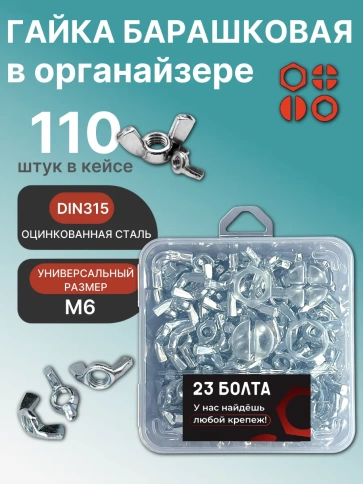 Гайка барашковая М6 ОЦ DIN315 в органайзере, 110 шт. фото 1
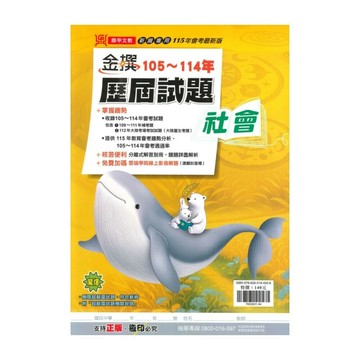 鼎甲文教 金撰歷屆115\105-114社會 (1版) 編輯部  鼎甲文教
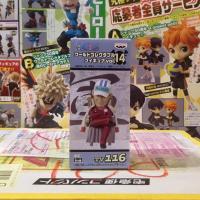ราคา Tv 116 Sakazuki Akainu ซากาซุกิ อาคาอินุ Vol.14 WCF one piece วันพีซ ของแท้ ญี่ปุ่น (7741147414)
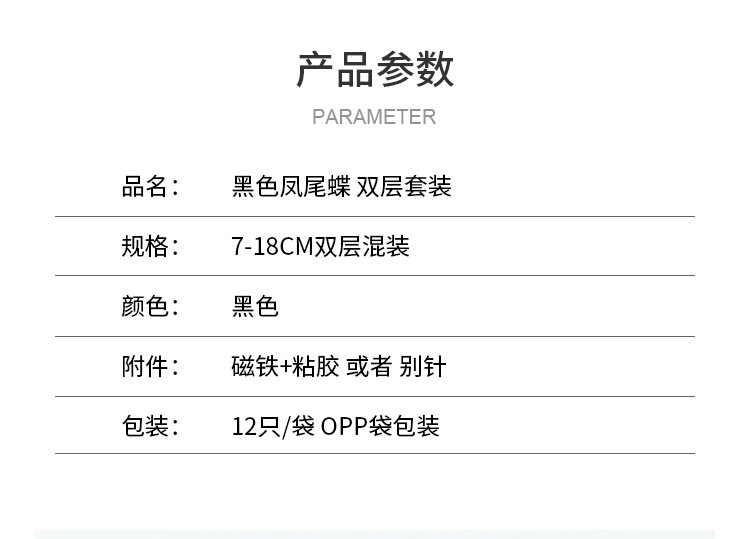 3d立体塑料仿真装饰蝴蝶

* * *

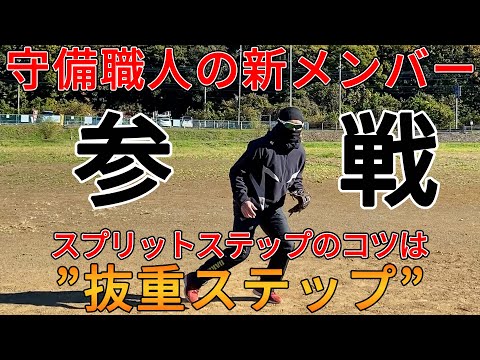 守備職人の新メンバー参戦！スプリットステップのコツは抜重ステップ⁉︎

* * *

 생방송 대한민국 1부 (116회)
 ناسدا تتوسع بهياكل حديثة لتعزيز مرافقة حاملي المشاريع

• What to produce: Only the lines starting at the one that includes "Гайка барашковая М6" and ending at the one that includes "3d立体塑料仿真装饰蝴蝶" should be retyped, exactly, from the records above; no pictures.

• Response to the exercise:
 Гайка барашковая М6 ОЦ DIN315 в органайзере, 110 шт. фото 1
 鼎甲文教 金撰歷屆115\105-114社會 (1版) 編輯部  鼎甲文教
ราคา Tv 116 Sakazuki Akainu ซากาซุกิ อาคาอินุ Vol.14 WCF one piece วันพีซ ของแท้ ญี่ปุ่น (7741147414)
 3d立体塑料仿真装饰蝴蝶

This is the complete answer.